Saksi Bisu Perang Dunia II di Tanah Papua
Temuan ini bukanlah hal yang sepele. Papua, khususnya Jayapura (yang dahulu dikenal sebagai Hollandia), memainkan peran yang sangat strategis dalam teater Perang Pasifik selama PD II. Setelah diduduki oleh pasukan Jepang, Hollandia kemudian menjadi sasaran serangan besar-besaran oleh Sekutu (terutama Amerika Serikat) pada April 1944 dalam operasi yang dikenal sebagai Operation Reckless.
Pertempuran udara dan laut sengit terjadi di wilayah ini. Banyak pesawat tempur dari kedua pihak—baik Jepang maupun Amerika—yang ditembak jatuh dan menghilang di perairan maupun hutan belantara Papua. Temuan bangkai pesawat di Teluk Youtefa ini kemungkinan besar adalah salah satu dari pesawat yang gagal kembali ke pangkalan itu.

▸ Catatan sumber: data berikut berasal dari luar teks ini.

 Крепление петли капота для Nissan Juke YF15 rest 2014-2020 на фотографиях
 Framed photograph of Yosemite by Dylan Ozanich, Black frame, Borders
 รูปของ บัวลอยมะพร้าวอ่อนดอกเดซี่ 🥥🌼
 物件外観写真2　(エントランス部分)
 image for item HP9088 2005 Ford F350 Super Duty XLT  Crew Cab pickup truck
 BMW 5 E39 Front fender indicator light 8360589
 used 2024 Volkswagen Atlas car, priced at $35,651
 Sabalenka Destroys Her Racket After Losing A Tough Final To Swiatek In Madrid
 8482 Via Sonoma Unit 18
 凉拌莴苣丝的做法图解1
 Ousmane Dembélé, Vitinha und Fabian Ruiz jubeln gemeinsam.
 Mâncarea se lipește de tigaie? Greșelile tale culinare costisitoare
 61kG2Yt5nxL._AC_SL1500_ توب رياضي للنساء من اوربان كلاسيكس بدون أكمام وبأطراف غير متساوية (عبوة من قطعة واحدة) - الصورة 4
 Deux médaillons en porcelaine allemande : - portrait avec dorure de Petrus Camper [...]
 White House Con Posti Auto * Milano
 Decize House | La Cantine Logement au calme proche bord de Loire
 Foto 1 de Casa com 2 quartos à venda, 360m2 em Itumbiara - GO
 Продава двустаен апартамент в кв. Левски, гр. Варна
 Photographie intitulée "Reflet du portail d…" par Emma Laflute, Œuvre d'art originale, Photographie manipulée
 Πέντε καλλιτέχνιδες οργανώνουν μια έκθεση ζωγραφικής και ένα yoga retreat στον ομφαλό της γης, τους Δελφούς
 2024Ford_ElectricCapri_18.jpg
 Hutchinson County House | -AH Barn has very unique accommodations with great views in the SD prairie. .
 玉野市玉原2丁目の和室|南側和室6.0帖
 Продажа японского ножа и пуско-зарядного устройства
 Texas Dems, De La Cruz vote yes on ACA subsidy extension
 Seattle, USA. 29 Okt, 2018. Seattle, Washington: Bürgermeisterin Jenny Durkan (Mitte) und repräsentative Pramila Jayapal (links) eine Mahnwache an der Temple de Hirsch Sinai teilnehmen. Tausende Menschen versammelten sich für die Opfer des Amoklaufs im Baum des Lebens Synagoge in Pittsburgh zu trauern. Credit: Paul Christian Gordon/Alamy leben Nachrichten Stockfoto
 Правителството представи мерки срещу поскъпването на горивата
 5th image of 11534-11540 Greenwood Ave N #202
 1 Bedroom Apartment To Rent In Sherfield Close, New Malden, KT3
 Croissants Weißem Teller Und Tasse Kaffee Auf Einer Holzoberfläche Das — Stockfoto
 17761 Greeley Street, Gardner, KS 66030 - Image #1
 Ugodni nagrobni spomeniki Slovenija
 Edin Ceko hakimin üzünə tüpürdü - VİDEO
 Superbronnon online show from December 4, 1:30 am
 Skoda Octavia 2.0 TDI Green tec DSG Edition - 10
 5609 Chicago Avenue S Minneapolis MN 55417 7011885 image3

Ahli sejarah memperkirakan pesawat ini bisa jadi adalah pesawat tempur Zero milik Jepang atau P-38 Lightning/Corsair milik AS. Identifikasi yang lebih akurat memerlukan penelitian lebih lanjut oleh tim arkeolog bawah air untuk menemukan bagian yang memiliki nomor seri atau ciri khas tertentu.
Dari Peninggalan Perang Menjadi Aset Masa Depan
Di luar nilai historisnya, para penemu memiliki harapan besar akan masa depan situs ini. Aipda Imron dan Absentinus Sembiring secara terpisah menyuarakan aspirasi yang sama: menjadikan lokasi ini sebagai destinasi wisata penyelaman (dive spot) yang unik bagi Kota Jayapura.
“Kami harapkan agar masyarakat di sekitar kampung bisa menjaganya dan tidak melakukan bom ikan di tempat lokasi bangkai pesawat Perang Dunia II ditemukan, sehingga ke depan bisa menjadi destinasi wisata di Jayapura,” ujar Imron kepada wartawan.
Pesan ini sangat krusial. Praktik penangkapan ikan dengan bom bukan hanya merusak ekosistem terumbu karang yang sudah terbentuk di sekitar bangkai, tetapi juga berpotensi merusak struktur bangkai pesawat itu sendiri yang sudah rapuh.
Sembiring menambahkan, “Mungkin ke depan kita perlu menyelam lagi untuk mengecek, jangan sampai badan dan ekor pesawat juga berada di sekitar lokasi tersebut.” Ini menunjukkan bahwa masih ada potensi penemuan bagian lain yang lebih lengkap.
Harapan untuk Perlindungan dan Dampak Ekonomi
Agar impian itu menjadi kenyataan, kolaborasi antara masyarakat, pemerintah, dan pihak swasta sangat dibutuhkan. Langkah pertama adalah melindungi dan mengamankan situs tersebut dari aktivitas yang merusak.
Kedua, perlu dilakukan studi kelayakan dan identifikasi mendalam oleh arkeolog untuk mengungkap identitas pesawat secara pasti. Cerita di balik pesawat itulah yang akan menjadi daya tarik utama bagi wisatawan, terutama para penyelam dan pencinta sejarah.
Dampak ekonominya bagi warga Kampung Enggros dan Holtekamp juga sangat potensial. Mulai dari penyediaan jasa pemandu selam, penyewaan peralatan, homestay, hingga kuliner khas Papua dapat berkembang dan menggerakkan perekonomian lokal.
Penemuan bangkai pesawat oleh Markus Habubak ini bagaikan membuka sebuah kapsul waktu.